Re: Galileo paranoia?



On Thu, 09 Feb 2006 16:36:03 GMT, Sam Wormley <swormley1@xxxxxxxxx>
wrote:

Ron Lee wrote:
Sam Wormley <swormley1@xxxxxxxxx> wrote:


RoJ wrote:

I found this whilst looking for Galileo proposed accuracy, below.

Is it just my nasty suspicious mind, but are we being told -
No matter whether Galileo satellites have greater accuracy or not,
they will be 'competitive' - ie no better than - existing gps?
Are we still going to be stuck with +/- 15-20 m accuracy?


The GNSS state-of-the-art is just under a meter using two
frequency signals without augmentation. That will be true
for all three impementations: Galileo, GPS and Glonass.



Sam, please clarify your "meter" value. I believe you are referring
to the output navigation signal error and not end user position
accuracy.

Ron Lee

The article in InsideGNSS (see: http://www.insidegnss.com)
indicates sub meter horizontal position accuracy without
any augmentation. These figures were bases of expected
dual frequency Galileo and GPS signals that are currently
not available to us...

However, professional equipment currently realizes these
kinds of accuracies, and much better, using just the GPS L1
C/A signal with differential corrections.

We are currently using dual-frequency GPS/GLONASS receivers.

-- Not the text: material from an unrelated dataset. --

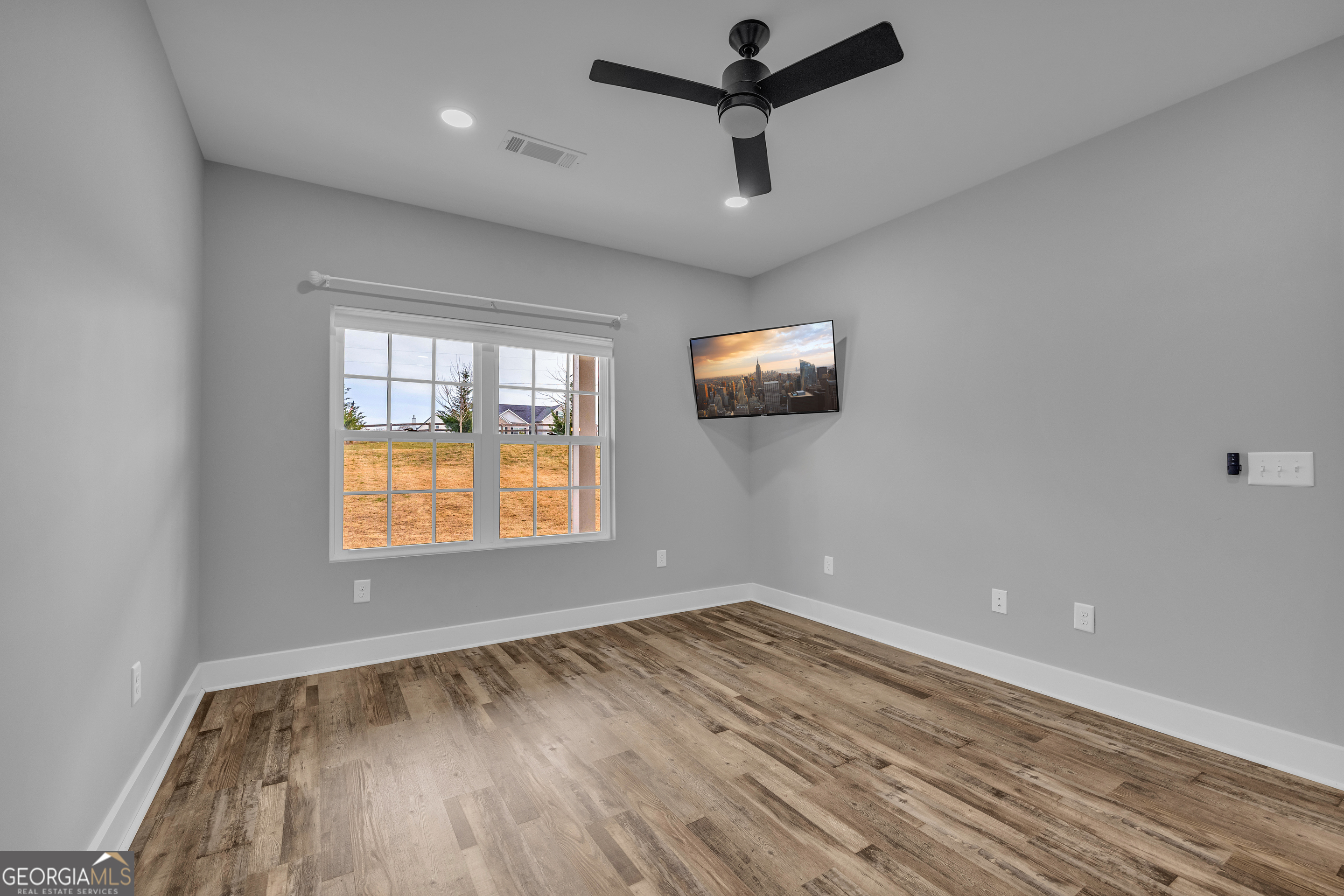 5177 Sandy Cross Road Carnesville, GA 30521 - Photo 61 of 86 a view of empty room with wooden floor and fan
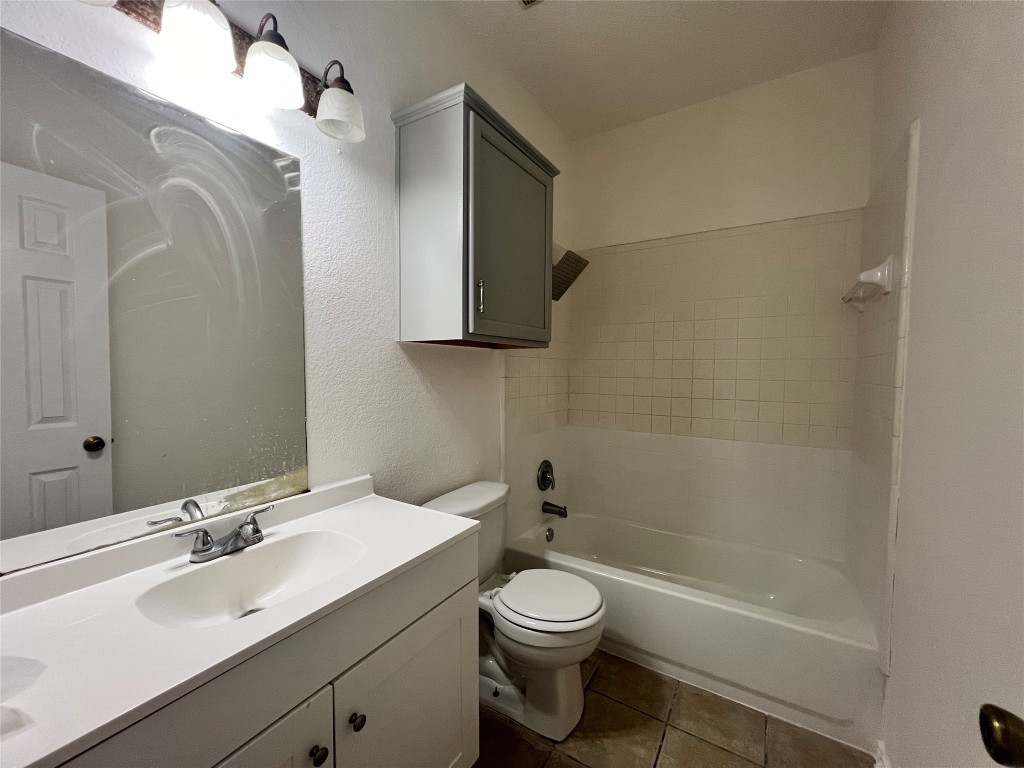 1525 Natural Bridge Lane Pflugerville, TX 78660 - Photo 13 of 15 a bathroom with a sink toilet and shower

Out of
interest piqued by this thread, I looked at the autonomous position
computed by those receivers versus the results of the network
adjustment of post-processed carrier phase baselines.

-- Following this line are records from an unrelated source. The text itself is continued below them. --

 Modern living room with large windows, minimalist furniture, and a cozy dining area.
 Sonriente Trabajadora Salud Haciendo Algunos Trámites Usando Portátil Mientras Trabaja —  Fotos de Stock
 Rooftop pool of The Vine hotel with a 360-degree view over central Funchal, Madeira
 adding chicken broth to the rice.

Over three days (just looked through one project), the largest error
was 2m horiz, 1.5m vert. This is not scientific, or indicative of
anything more than that the conditions (propagation, multipath at
site) were quite good on those three days. But this may give you
people an idea of what might be expected if consumer-grade receivers
begin to incorporate multiple frequencies, and multiple signals in
space.

I will do some more comparisons once our field crews begin to come
back with more GLONASS data. We just replaced some of our fleet of
Trimble 4000s with Topcons. For comparison, the 4000s (dual
frequency, GPS only) were seldom more than 4 metres out either. Our
Garmins (the guys typically get a position on each new control point)
were out about 10 metres, with the odd zinger...

steve
.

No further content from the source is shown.